Post-Judgment Issues

Sometimes issues between parties arise after the divorce is completed. It will most certainly depend upon the experience of the parties during the divorce as to how they will handle these post-judgment issues.

There are several types of post-judgment issues that can arise, such as the following.

Enforcement. In New Jersey, all issues that need to be resolved between the parties must be resolved prior to the divorce. Therefore, the parties will either have a Judgment of Divorce with the findings and commands by the judge or the parties have signed an agreement that settles all their marital issues and delineates obligations and responsibilities. If one party does not comply with their obligations, the other party has a right to pursue compliance through the court, if necessary.
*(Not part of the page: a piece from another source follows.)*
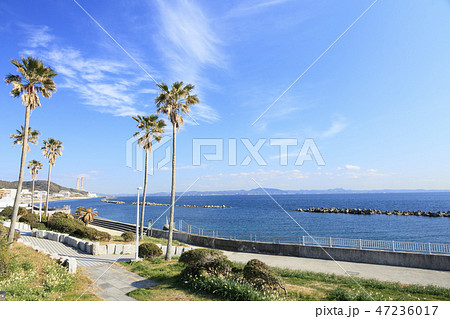 三浦半島 47236017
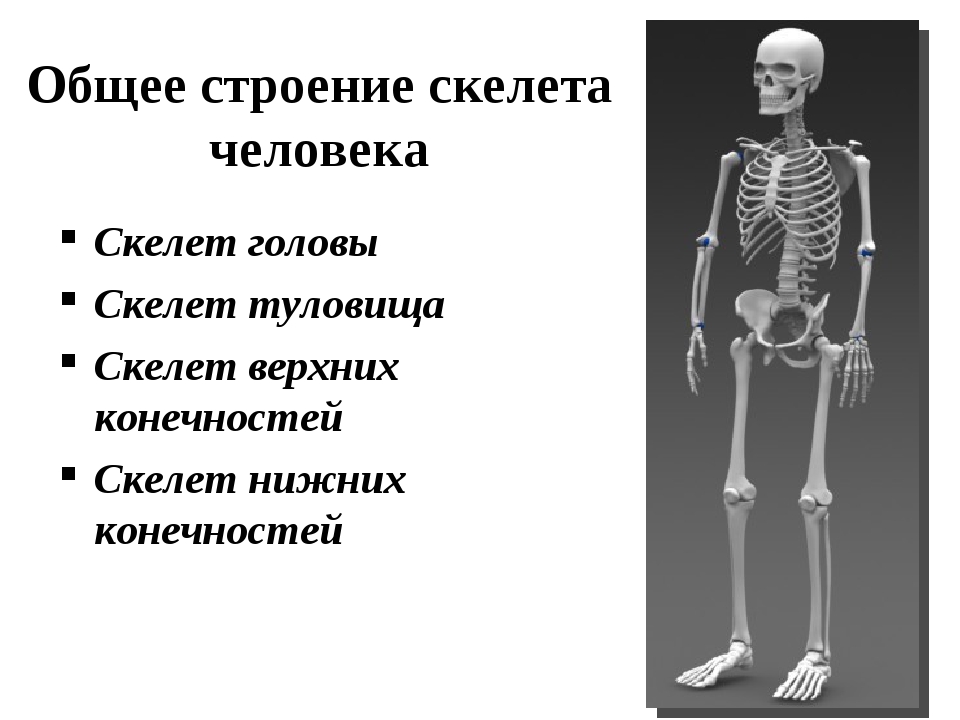 Сколько в скелете. Строение скелета. Общий план строения скелета человека. Скелет человека анатомия. Строение тела скелет.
Change of Alimony or Child Support. There may be reasons that alimony should be changed when it has either been ordered by the court or there is an agreement in place. A substantial and likely permanent change in circumstances or cohabitation of the payee spouse may create opportunities to modify, suspend or terminate a support obligation.

Custody or Parenting Time. There are times when changes occur in family relationships after the divorce which could possibly warrant a change for the children’s best interests. If parties cannot agree on making appropriate changes, then court involvement may be necessary.

Simply being unhappy with the agreement or the court’s order is not a reason to return to court. Perhaps if a court makes an error in their decision, a party may decide to appeal the decision to a higher court right away. However, it is a well-known fact that when parties make their own agreements, they are more likely to abide by their own decisions. Therefore, it is understandable if the parties required a judge to make the decisions for them, post-judgment conflict is more likely to occur.

Generally, if there is a post-judgment issue(s) that can’t be resolved by the parties themselves, a motion would need to be filed with the court and eventually a judge will decide, possibly after a trial.

Importantly, mediation and the collaborative process are excellent opportunities to avoid court. In fact, many judges now require the parties to attend mediation after these types of motions are filed.